Une situation délicate
La directrice réalise trois importantes acquisitions dans le domaine des déchets en France, au Royaume-Uni et en Afrique du Sud. Elle finalise des contrats de plus de 1 milliard d'euros avec la ville de Manchester et plus récemment avec Toulouse. En ce qui concerne la gestion de l'eau, Suez conclut des accords en Chine et à Taïwan. En France, le groupe remporte les contrats des villes d'Auxerre et de Cannes.
Cependant, le groupe n'a pas réussi à obtenir le contrat de 4,3 milliards d'euros du Syndicat des eaux d'Ile-de-France (Sedif) détenu par Veolia depuis un siècle. Malgré tous les efforts déployés par Suez dans cette bataille, la procédure de sélection a été perturbée par un problème informatique mi-2023. Malgré le dépôt d'un recours devant le tribunal administratif de Paris et d'un pourvoi en cassation devant le Conseil d'Etat, Suez n'a pas réussi à obtenir gain de cause.
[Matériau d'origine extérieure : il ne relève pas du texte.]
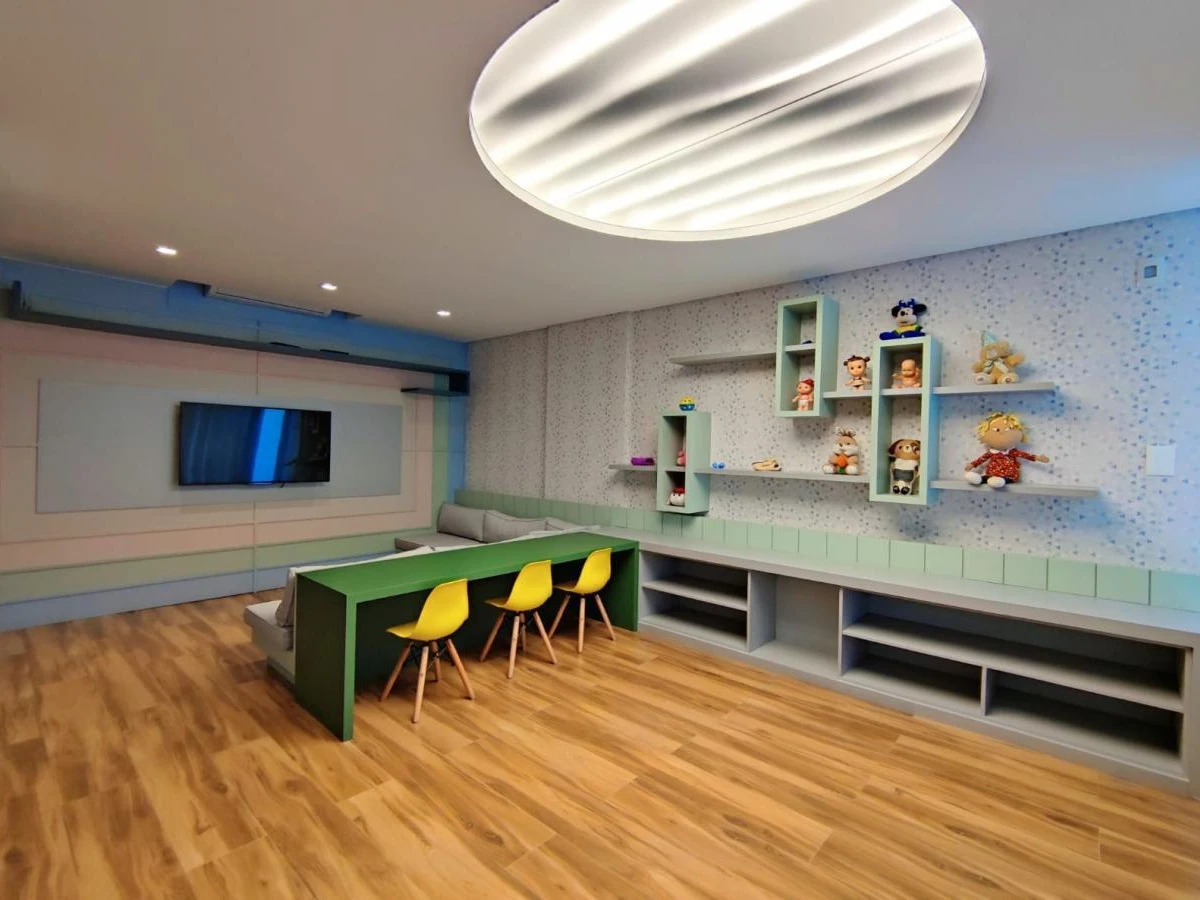 Apartamento em Kobrasol, São José. 3 quartos, 92m². Imagem 4 de 14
L'usine de traitement des eaux usées de Suez près de Dole, dans le Jura, a réussi à conclure des accords commerciaux jusqu'en Chine. Cependant, le groupe n'a pas remporté le contrat d'une valeur de 4,3 milliards d'euros du Syndicat des eaux d'Ile-de-France. Photo: Jean Pierre Amet/MaxPPP
Est-ce que l'échec du Sedif a conduit à la perte de Sabrina Soussan ? Selon un proche, ce n'est pas le cas. Un expert du secteur pense que son renvoi est dû à un manque de stratégie : "Actuellement, le secteur de l'eau est moins rentable et celui des déchets dépend de la conjoncture. Il aurait été préférable de se tourner vers d'autres domaines comme les services énergétiques." Cependant, cette spécialité est déjà dominée par le géant Veolia.
Suez, actif dans environ 40 pays, a misé sur la croissance en acquérant d'autres entreprises. Son chiffre d'affaires a augmenté. En deux ans, sa part à l'international a considérablement augmenté de 15 % à 40 %. L'excédent brut d'exploitation s'élève désormais à 1,4 milliard d'euros. Malgré cela, la situation financière du groupe reste précaire. En raison de trois acquisitions dans le secteur des déchets, le bénéfice net est négatif, atteignant 117,3 millions d'euros. La dette du groupe s'est également alourdie, passant de 4,6 milliards d'euros en 2022 à 5,5 milliards d'euros.
Depuis plusieurs mois, Suez semble être en difficulté. Sabrina Soussan a éloigné tous ceux qui l'entouraient. Maximilien Pellegrini, Ana Giros et Thomas Devedjian ont quitté l'entreprise depuis longtemps. Il y a eu des tensions entre la PDG et les équipes. Un témoin raconte qu'elle a exprimé son mécontentement lors d'une conférence en ligne où certains dirigeants étaient en retard. La relation avec les actionnaires et en interne était devenue compliquée. En août dernier, la PDG a renvoyé son proche collaborateur Frederick Jeske-Schoenhoven, mais cela n'a pas suffi à redresser la situation.
Selon les informations de La Lettre, le départ de Sabrina Soussan pourrait entraîner un changement d'actionnaire, Meridiam reprenant ainsi les 19 % détenus par la Caisse des dépôts et devenant le principal actionnaire du groupe avec 58 % des parts.
Le fonds d'infrastructures a nié une information. Cependant, à partir du 1er janvier 2025, le PDG de Meridiam, Thierry Déau, prendra la direction de l'entreprise de manière temporaire. Les actionnaires sont à la recherche d'un nouveau dirigeant qui pourrait prendre les commandes de l'entreprise au premier trimestre 2025.
Thierry Déau, le créateur et dirigeant de Meridiam, deviendra le PDG de Suez à partir de janvier, mais seulement temporairement.
Parmi les candidats les plus prometteurs se trouvent Marie-Ange Debon, qui est à la tête de Keolis, Thierry Mallet, le PDG de Transdev, et Xavier Girre, le directeur financier d’EDF. Les deux premiers ont travaillé précédemment chez Suez, tandis que le troisième est un administrateur de l'entreprise. Ces trois individus ont une bonne connaissance des secteurs de l’eau et des déchets, mais cela pourrait ne pas suffire pour rivaliser avec la puissance de Veolia.